#### Data excerpts
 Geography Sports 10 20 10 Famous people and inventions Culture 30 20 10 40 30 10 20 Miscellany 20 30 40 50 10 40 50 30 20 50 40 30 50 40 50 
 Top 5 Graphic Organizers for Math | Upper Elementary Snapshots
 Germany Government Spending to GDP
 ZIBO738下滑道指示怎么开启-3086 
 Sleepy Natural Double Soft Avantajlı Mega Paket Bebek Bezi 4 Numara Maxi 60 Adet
########
→ **Requirement**
The lines from the one containing "Germany Government Spending to GDP" through the final line of the entries above are to be printed exactly, with nothing added.

→ **Response to this exercise**
 Germany Government Spending to GDP
 ZIBO738下滑道指示怎么开启-3086 
 Sleepy Natural Double Soft Avantajlı Mega Paket Bebek Bezi 4 Numara Maxi 60 Adet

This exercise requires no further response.